The most important function of a chandelier is to properly light the area where the fixture is mounted. In a dining room, there are usually secondary lights to provide lighting around the perimeter of the table, and the chandeliers are used for light directly on the table surface. If a chandelier is too big, too small or positioned too high or off to one side, then the table will not be properly lit.
Chandeliers are often used in areas other than the dining room. In these applications, the fixture is usually centered on the area of the room where its light is being used. For some rooms, this means there will be rows of chandeliers, each lighting an area and overlapping into the lighting area of the adjacent fixtures. These fixtures look best when the fixture arrangement makes sense visually. In a master bathroom, the fixture may be centered over the sink area or tub area, while pot lights are used for additional illumination in the rest of the room. A chandelier placed to one side over a table is likely to look awkward and unfinished.

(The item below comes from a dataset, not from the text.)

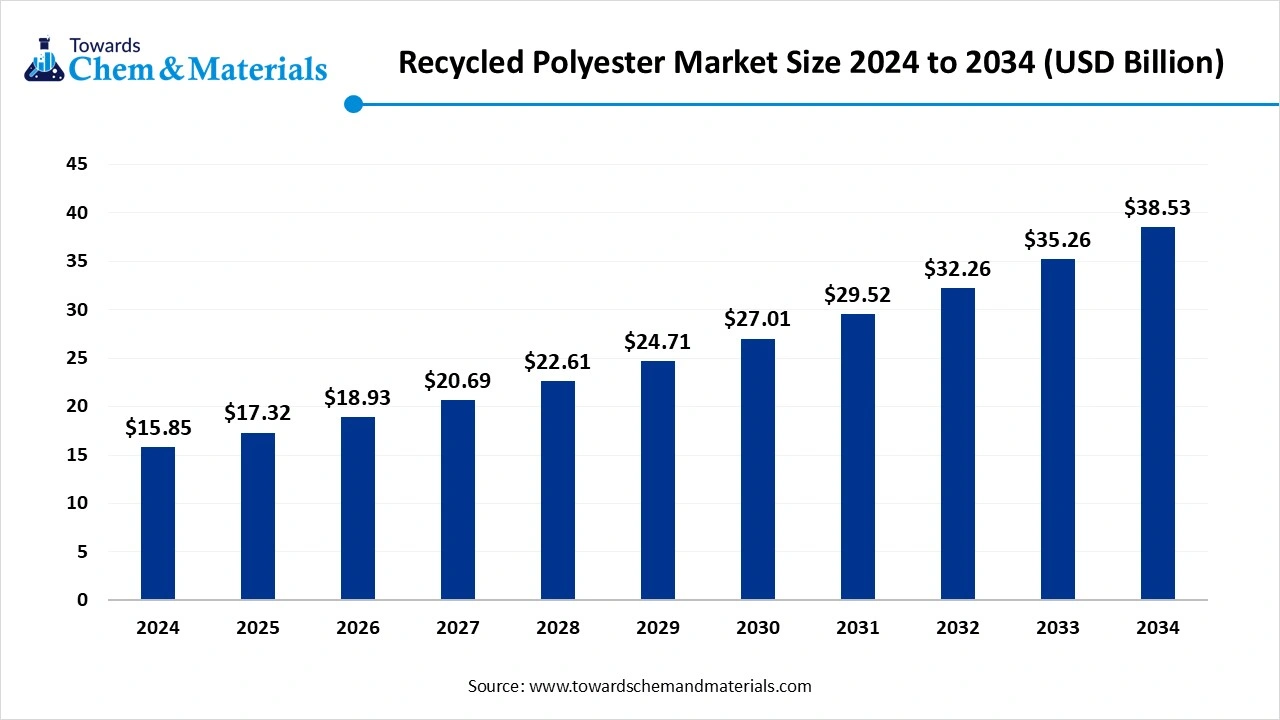 Recycled Polyester Market Growth, Trends, and Forecast (2025 – 2034)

Lighting designers use calculators to determine the amount of light or size of chandelier required to work well in a room. The width of a chandelier is calculated by measuring the length and width of the room. If a room is 12 by 12 feet square, the designer will add 12 plus 12 to get 24 and estimate that a fixture 24 to 28 inches wide will work well in the space.
Volume and Multiple Fixtures
The height of a chandelier is also calculated. Measure the ceiling height of the room at its tallest point. Calculate 2-1/2 to 3 inches per foot of height for the height of the fixture when you are using a single fixture. When you are using multiple fixtures, you combine the measurements so that you create the same visual effect even if the fixtures are spread out. Designers will usually go larger in larger rooms if they feel a fixture looks thin or too small. Chandeliers are also placed at any location to highlight some aspect of that location. The location can be as mundane as a kitchen sink.